It may be that some scientific instrument exists that can calibrate the cheers that greeted Theresa May’s entrance into the Commons chamber. It was an exuberant noise, certainly, but was it 158 MPs' worth? That is the number that will need to be persuaded, come 6pm, if Theresa May is to survive these deadly hours.

But the instrument will also need to calibrate how many of the cheers were genuine. How many bangs on the back of the benches will translate to crosses in the right box, in the silent anonymity of the polling booths currently being set up in a room in the bowels of Westminster?

How many “hear hears” will, in a few hours time, have become “there theres”? Public support metamorphosed into public sympathy, each as disingenuous as the other.

To my eyes and ears, they looked like they meant it, but who knows? For Theresa May’s part she carried something of an easy swagger. The fight for survival is the most straightforward in nature. Theresa May is a politician that struggles to obfuscate, who regularly fails in her attempts to mislead. And those are not the skills that are needed at this moment.

None of the events of the morning appeared to have pushed Jeremy Corbyn into even the slightest rewrite of his planned questions. He principal outrage was in the scrapping of the meaningful vote of 48 hours previous. Much of what he said at the despatch box he had already said at the despatch box the day before, in an emergency debate on the matter.

Perhaps he knows it is not for him to question the authority of a leader over her own MPs. It was not so long ago he lost the support of 85 per cent of his own but carried on regardless.

As she warned of the “real risk” facing the country, that real risk being “a Labour government”, the Labour benches laughed. “All he wants to do is create chaos and division,” she said in her very first answer. The roar from the opposition could hardly have been more justified.

Her own MPs took it in turns to warn that the real risk facing the country is a Corbyn government. But it is a risk they have done more to make real than anyone he has. They have broken the prime minister who was most of the way through breaking him, and she has incinerated the unlikely majority he won.

Politicians divided on Theresa May no confidence vote

For the most part her enemies remained quiet. Boris Johnson lurked in the seats by the door, not formally part of the chamber. Bill Cash, Jacob Rees-Mogg, Steve Baker did not attempt to be called to speak, and they did not speak.

Ken Clarke called the whole thing “self-indulgent”, and was indulged in this view by a volume of MPs whose numbers were again inconclusive.

Arguably, Neil O’Brien stole the show. He rose at the end with something of a peroration. “Head-bangers” in both parties were blamed. But as he spoke he read from a sheet that could quite easily have been typed up in the whips’ office.

If anything, the most seismic moment came afterwards, when the prime minister’s spokesperson issued some interesting words. That tonight’s vote is “not about who leads the party in to the next general election.” Back me now, in other words. I’ll deliver Brexit and be gone. But she has made so many promises before that have proved untrue.

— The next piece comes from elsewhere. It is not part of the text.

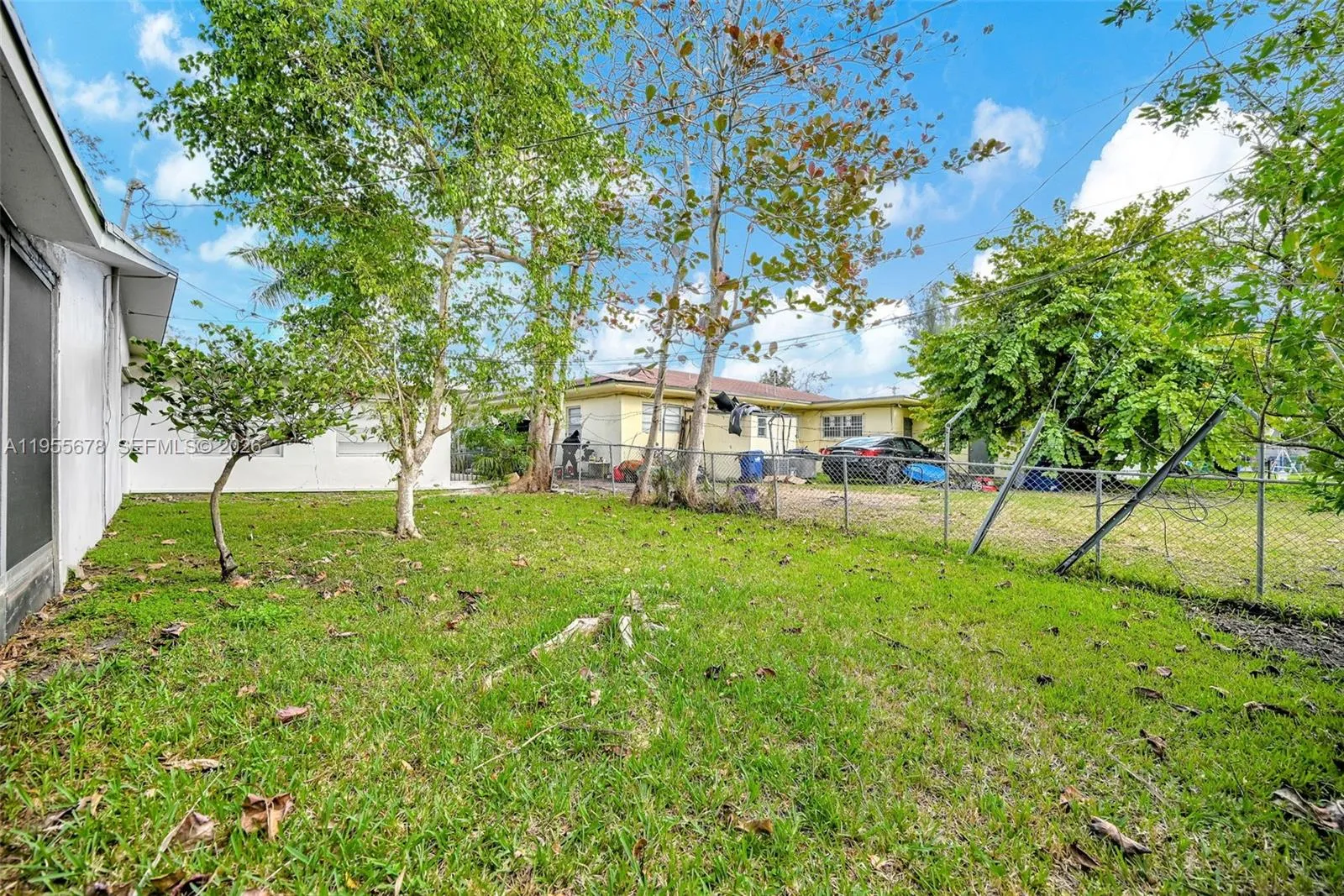 11812 Ne 14th Ave, Miami, Florida 33161, Miami, Florida 33161, ,Residential Income,For Sale,11812 Ne 14th Ave, Miami, Florida 33161,A11955678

And as things stand, a snap general election remains one of a vanishingly small number of feasible ways out of the Brexit impasse. If she says she won’t fight it, then presumably she can’t call it. That’s a decision she may, in the very near future, come to decide is no longer, to borrow the phrase of the moment, “in the national interest.”

It was, yet again, a valiant effort from the prime minister. Another gruelling half an hour at the despatch box, on top of the 20 hours she has already spent there, since returning from Brussels with the deal this place won’t tolerate.

But the two now have become one and the same. If one cannot be put before the commons, there will have to come a point at which she cannot be, either.